Policies

qbrix ships 16 multi-armed bandit policies organized into three categories: stochastic, contextual, and adversarial. Each policy implements a different exploration-exploitation strategy. If you don't want to pick one yourself, the auto meta-bandit does it for you.

Auto (Meta-Bandit)

The auto policy is the recommended default. Instead of committing to a single algorithm, qbrix launches a portfolio of learners in parallel and uses a meta-level EXP3 controller to adaptively route traffic toward whichever learner is performing best on your actual data. The portfolio is scoped automatically to your reward type and context settings.

Under the hood:

A parent meta experiment runs MetaBanditPolicy (EXP3 at the meta level).
Several learner experiments run concrete policies from the appropriate category (e.g. BetaTSPolicy, UCB1TunedPolicy, EpsilonPolicy for binary rewards; LinTSPolicy, LogisticTSPolicy, GLMUCBPolicy for contextual settings).
Every select call is first routed by the meta controller to one of the learners, which then picks an arm. Feedback is credited to both levels.
As rewards come in, EXP3 shifts meta-level weight toward the learners that convert best — so the portfolio self-tunes to your environment.

Parameter	Type	Default	Description
`reward_type`	string	—	`binary`, `bounded`, or `continuous`. Scopes the learner portfolio.
`use_context`	bool	`false`	If `true`, contextual learners (LinTS, LogisticTS, GLMUCB) are included.
`dim`	int	—	Context vector dimension. Required when `use_context=true`.

Best for: Most production use cases. When you don't know which algorithm is right, or when reward structure may shift over time.
Pros: Zero-choice operation; robust across regimes; learners that underperform automatically get less traffic.
Cons: Slightly more infrastructure (M+1 experiments per parent); meta-level exploration adds a small amount of regret vs. the single best algorithm in hindsight.

Example: Auto Policy

from qbrix import Qbrix
 
client = Qbrix()
 
# binary reward, no context — qbrix picks a stochastic portfolio
experiment = client.experiment.create(
    name="checkout-banner",
    pool_id=pool.id,
    policy="auto",
    policy_params={"reward_type": "binary"},
)
 
# contextual auto — adds LinTS / LogisticTS / GLMUCB to the portfolio
personalized = client.experiment.create(
    name="personalized-hero",
    pool_id=pool.id,
    policy="auto",
    policy_params={
        "reward_type": "binary",
        "use_context": True,
        "dim": 10,
    },
)

curl -X POST $QBRIX_URL/api/v1/experiments \
  -H "X-API-Key: $QBRIX_API_KEY" \
  -H "Content-Type: application/json" \
  -d '{
    "name": "checkout-banner",
    "pool_id": "<pool-id>",
    "policy": "auto",
    "policy_params": {"reward_type": "binary"}
  }'

Info

You can always override auto with a specific policy name if you want full control.

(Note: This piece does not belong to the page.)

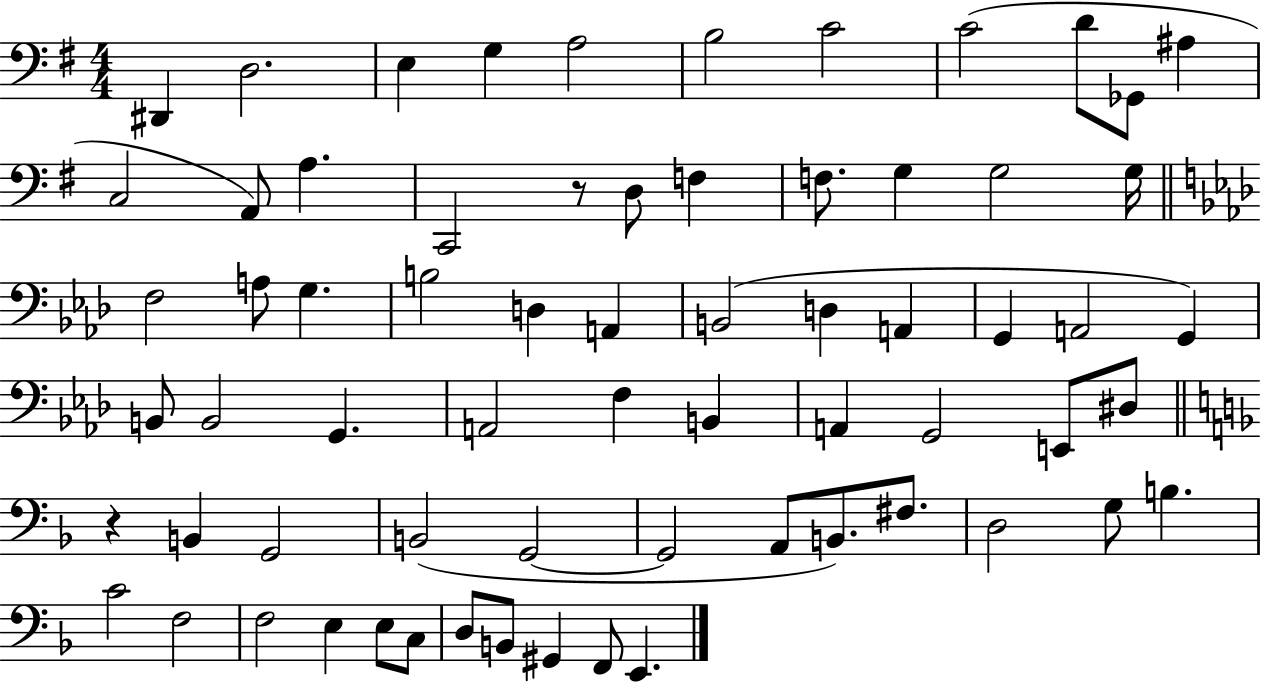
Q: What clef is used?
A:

The concrete policies are documented below, and the flowchart can help you choose.

Choosing a Policy

Prefer to pick a concrete algorithm yourself? Answer a few questions to find the right one:

Do you have per-request user features?

Stochastic Policies

These assume rewards are drawn from a stationary distribution. Best for standard A/B testing and optimization scenarios.

BetaTSPolicy

Thompson Sampling with Beta priors. The recommended default for binary rewards.

Parameter	Type	Default	Description
`alpha_prior`	float	1.0	Beta prior alpha (successes)
`beta_prior`	float	1.0	Beta prior beta (failures)

Reward type: Binary (0 or 1)
Best for: Click-through optimization, conversion rate testing
Pros: Naturally balances exploration/exploitation, fast convergence
Cons: Only supports binary rewards

DiscountedTSPolicy

Discounted Thompson Sampling for non-stationary environments. Geometrically decays old observations by gamma on each update. Effective memory window ≈ 1 / (1 - gamma).

Parameter	Type	Default	Description
`alpha_prior`	float	1.0	Beta prior alpha (successes)
`beta_prior`	float	1.0	Beta prior beta (failures)
`gamma`	float	—	Discount factor, required (0 < gamma < 1)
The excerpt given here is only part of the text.